FGL1 as an Immune Checkpoint in the Immune Microenvironment of Bladder Cancer

Current treatment protocols for bladder cancer (BC) do not include additional immune checkpoint targets or biomarkers that can accurately predict treatment response. Hence, it is imperative to identify more inclusive and promising candidate compounds for immune checkpoint therapy.
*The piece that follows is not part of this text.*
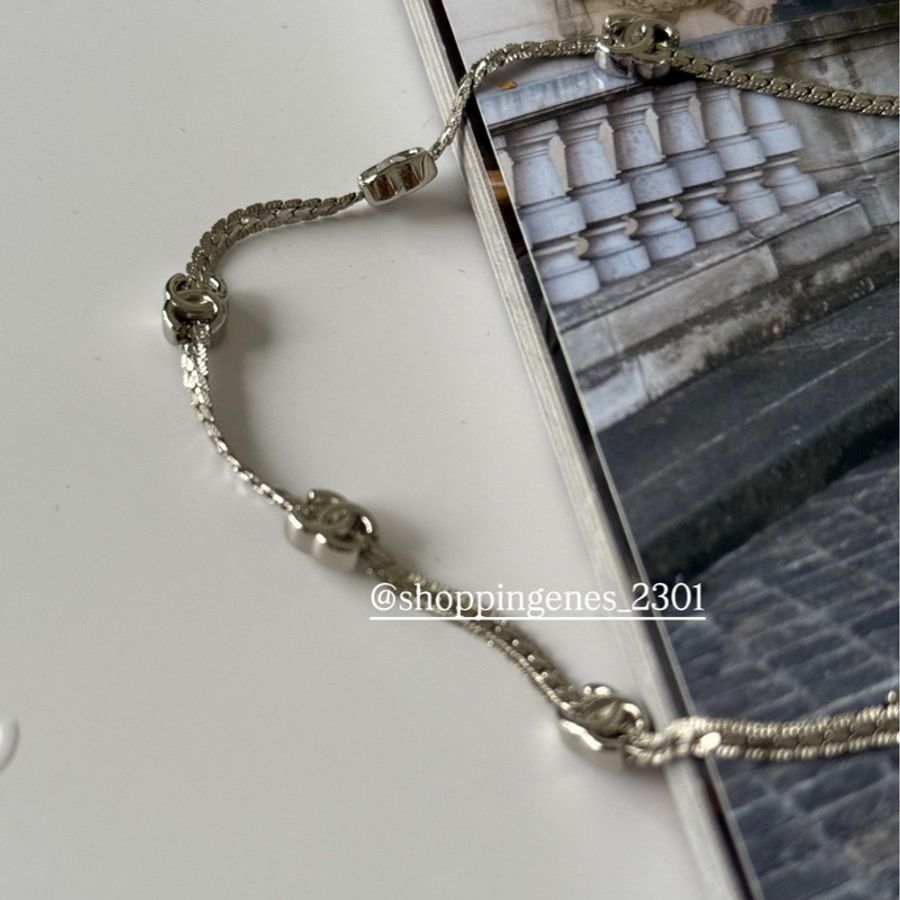 香奈兒 Chanel 全新品 經典七花項鍊 銀色-5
Therefore, we sought to investigate whether Fibrinogen Like 1 (FGL1) could serve as a new immune checkpoint for bladder cancer. Cell lines overexpressing/silencing FGL1 in human BC cells (5637, HT1376) were constructed, and the regulatory effects of FGL1 on BC cells proliferation, apoptosis, and the tumor immune microenvironment were detected using experimental techniques such as western blot, immunohistochemistry, immunofluorescence, and flow cytometry in an in vivo/vitro experimental model. Silencing FGL1 inhibited BC cells proliferation, promoted BC cells apoptosis, and stimulated tumor-infiltrating lymphocytes (TILs) activation and expansion in tumor microenvironment (TME) for antitumor immunity. Meanwhile, silencing FGL1 down-regulated the expression level of Lymphocyte Activating 3 (LAG3) to inhibit tumorigenicity in xenograft tumor models. Targeting the FGL1/LAG3 signaling pathway can stimulate bladder cancer TILs activation and expansion for antitumor immunity in TME, which inhibits tumor proliferation and growth and promotes tumor apoptosis. Therefore, FGL1 can be used as a potential immune checkpoint for the treatment of BC.